_What you need to do_
Please transcribe only the lines from the one holding "this 1270×952 image." through the final line of the data, both included, with no pictures.
+++ Exercise data
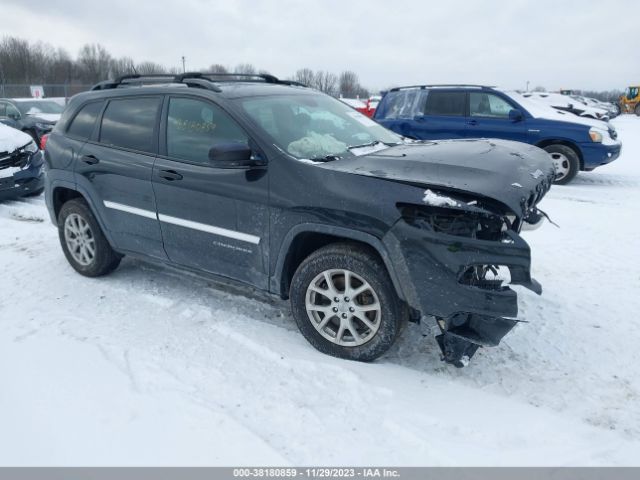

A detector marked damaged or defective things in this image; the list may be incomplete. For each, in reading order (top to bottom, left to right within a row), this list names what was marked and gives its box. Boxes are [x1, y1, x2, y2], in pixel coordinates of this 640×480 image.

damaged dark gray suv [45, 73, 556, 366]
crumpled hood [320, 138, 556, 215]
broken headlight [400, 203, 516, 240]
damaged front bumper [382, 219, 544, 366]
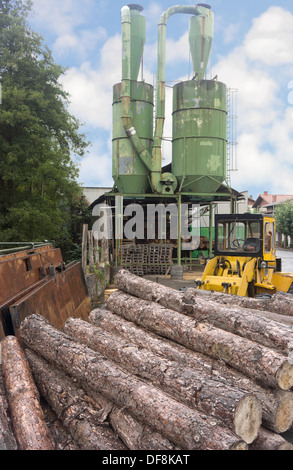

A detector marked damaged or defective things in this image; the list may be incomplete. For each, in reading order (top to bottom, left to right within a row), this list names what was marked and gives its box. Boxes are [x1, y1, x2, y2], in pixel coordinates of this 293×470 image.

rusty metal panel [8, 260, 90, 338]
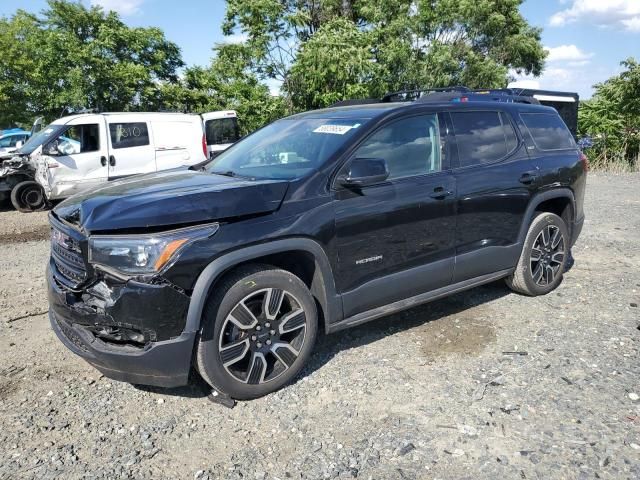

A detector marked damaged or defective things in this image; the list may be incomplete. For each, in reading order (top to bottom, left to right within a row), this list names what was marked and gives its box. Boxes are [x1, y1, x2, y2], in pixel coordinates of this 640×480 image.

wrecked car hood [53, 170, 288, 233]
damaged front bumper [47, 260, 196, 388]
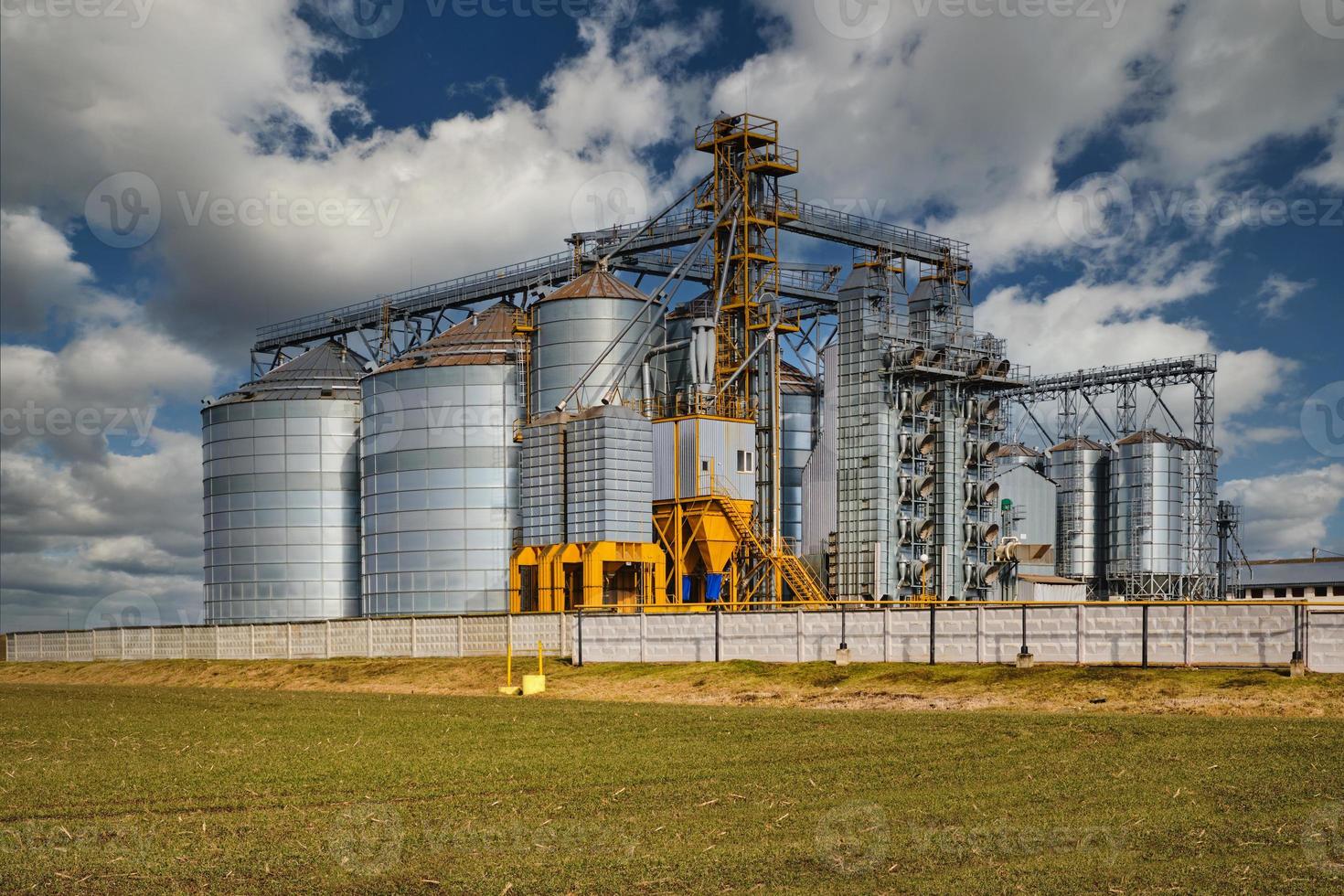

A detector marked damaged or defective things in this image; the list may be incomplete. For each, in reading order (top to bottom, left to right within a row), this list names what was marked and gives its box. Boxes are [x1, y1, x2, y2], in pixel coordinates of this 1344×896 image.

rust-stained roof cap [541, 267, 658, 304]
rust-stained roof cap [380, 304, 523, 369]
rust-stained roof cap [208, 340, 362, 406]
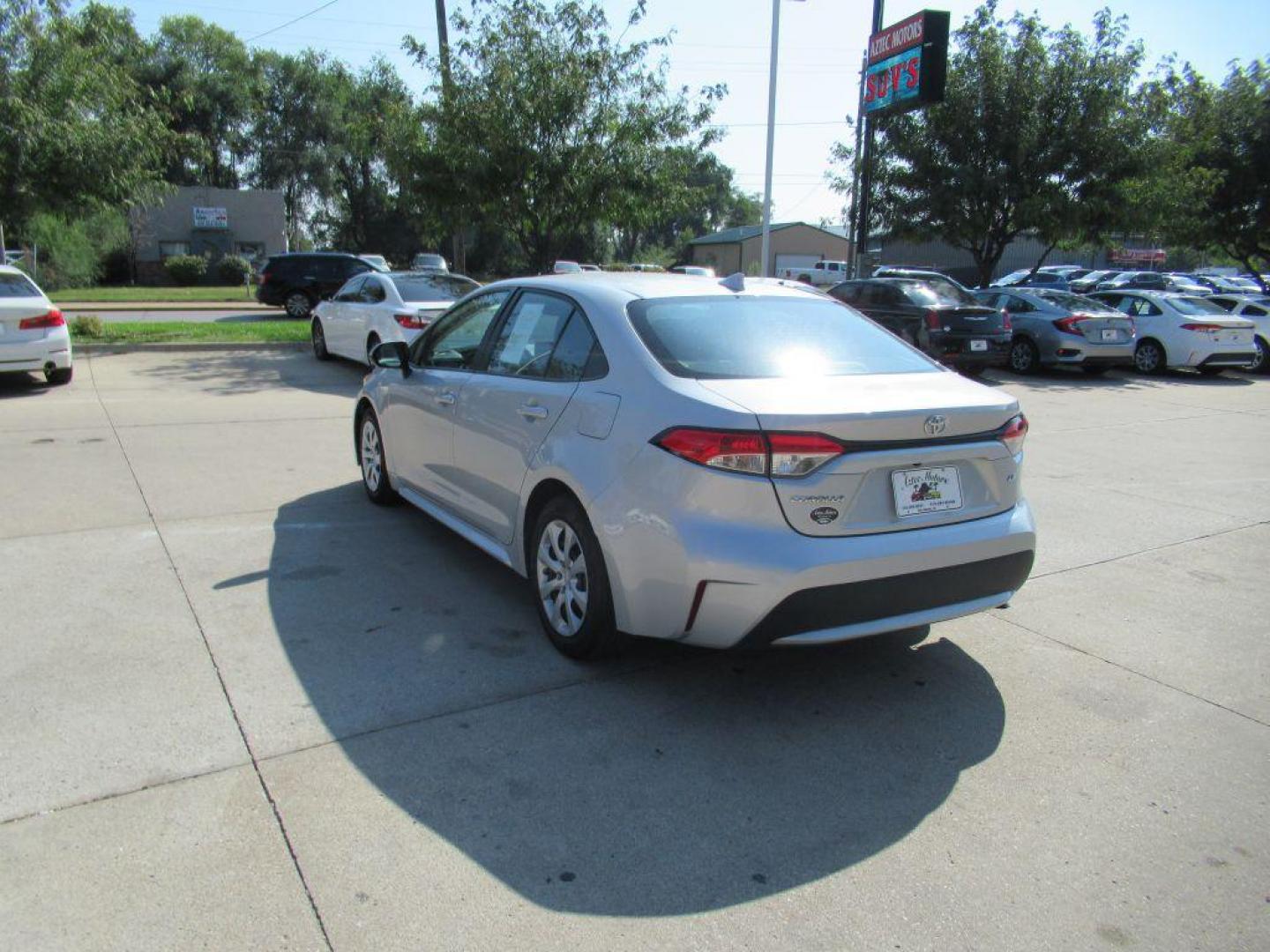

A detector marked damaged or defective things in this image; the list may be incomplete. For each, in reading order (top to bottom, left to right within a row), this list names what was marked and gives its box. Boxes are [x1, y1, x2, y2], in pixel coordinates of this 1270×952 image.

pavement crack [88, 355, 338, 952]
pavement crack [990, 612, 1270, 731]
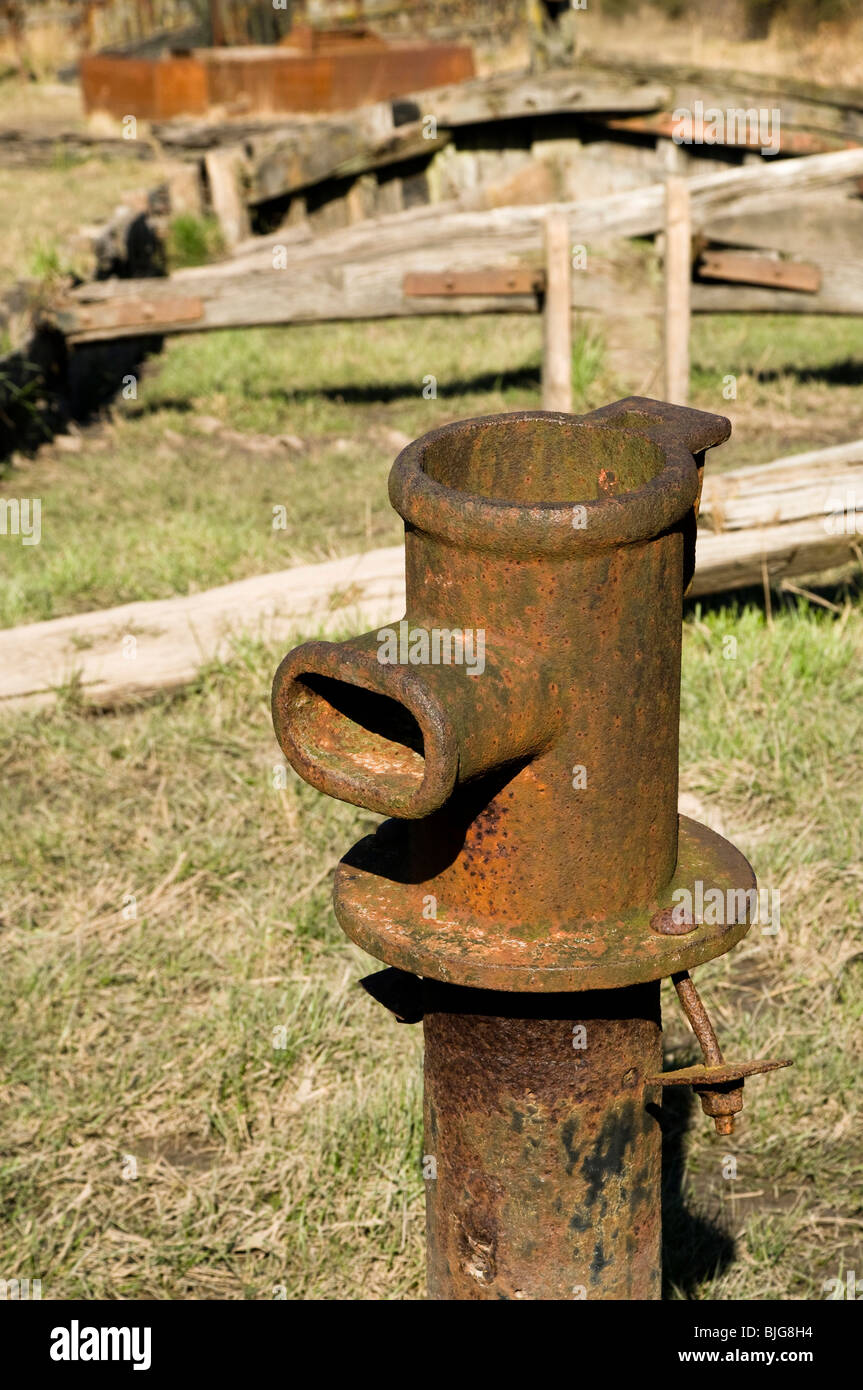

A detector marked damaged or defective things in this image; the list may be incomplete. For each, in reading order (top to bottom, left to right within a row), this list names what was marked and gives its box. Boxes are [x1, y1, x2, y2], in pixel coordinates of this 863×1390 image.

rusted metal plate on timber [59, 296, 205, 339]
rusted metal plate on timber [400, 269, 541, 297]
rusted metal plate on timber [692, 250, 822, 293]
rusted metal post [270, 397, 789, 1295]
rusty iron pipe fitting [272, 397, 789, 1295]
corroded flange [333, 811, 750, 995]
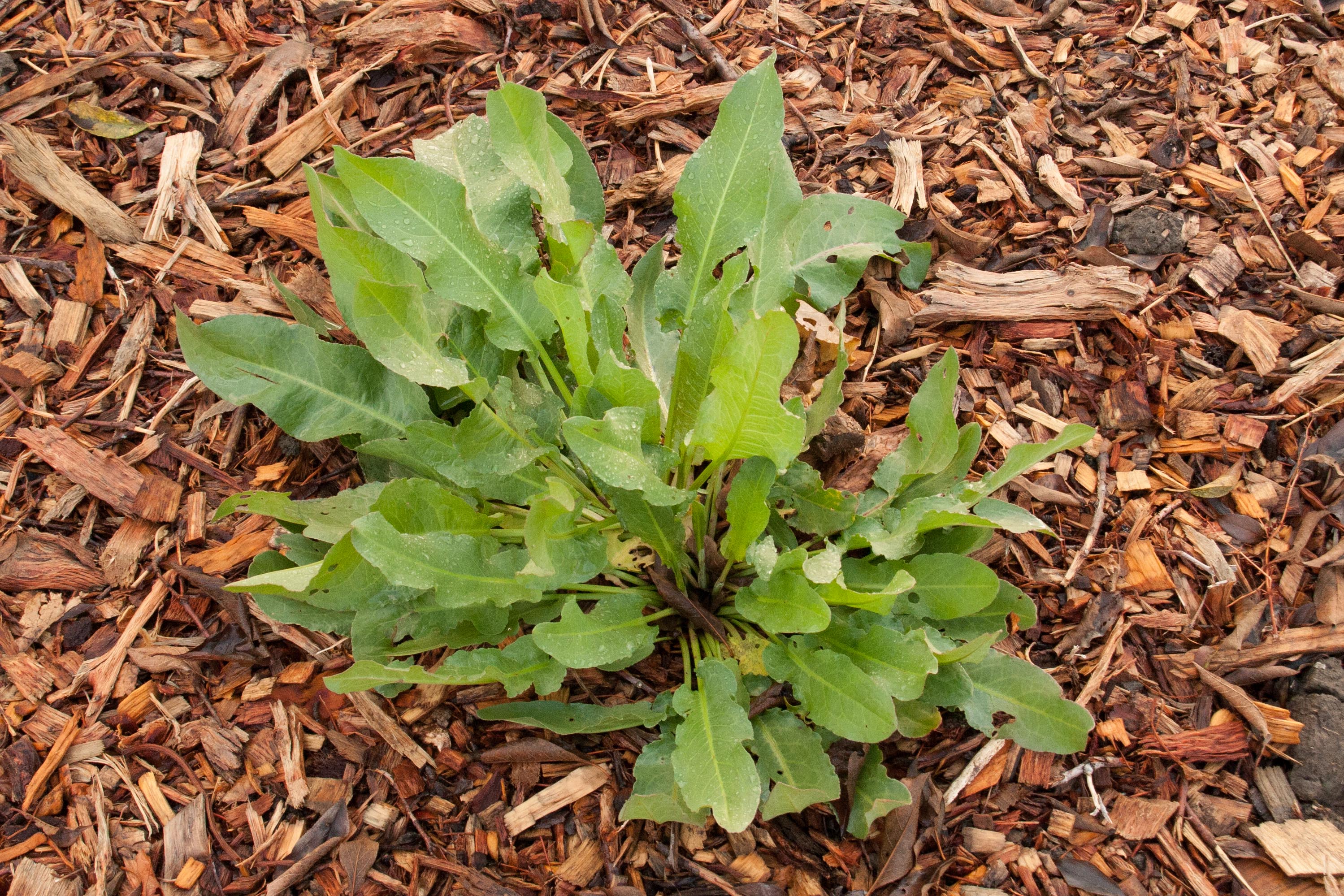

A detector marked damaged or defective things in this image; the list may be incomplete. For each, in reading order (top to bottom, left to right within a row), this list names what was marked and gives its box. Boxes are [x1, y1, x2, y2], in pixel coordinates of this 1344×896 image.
++++++
_Answer for this exercise_
A detector marked damaged or defective things in this image; the list may be incomplete. For each, in reading order (top to bottom, left to right within a row), this list names what was marked and gives its box. Boxes are [x1, y1, x2, y2], in pixel coordinates of this 1270×952 image.

pavement crack [88, 355, 338, 952]
pavement crack [990, 612, 1270, 731]

A detector marked damaged or defective things in this image; the list may be incomplete. For each, in reading order (top to bottom, left to right within a row), this list names what was marked and gives its box. Boxes are [x1, y1, x2, y2], in pixel coordinates of this 863×1390 image.

rusted metal plate on timber [59, 296, 205, 339]
rusted metal plate on timber [400, 269, 541, 297]
rusted metal plate on timber [692, 250, 822, 293]
rusted metal post [270, 397, 789, 1295]
rusty iron pipe fitting [272, 397, 789, 1295]
corroded flange [333, 811, 750, 995]

A detector marked damaged or defective things in this image; the list may be incomplete. For each, in reading order (top to bottom, left to right within a row), this list names what was marked and gives its box. Boxes are [x1, y1, x2, y2], in pixel coordinates of this 1344×896 image.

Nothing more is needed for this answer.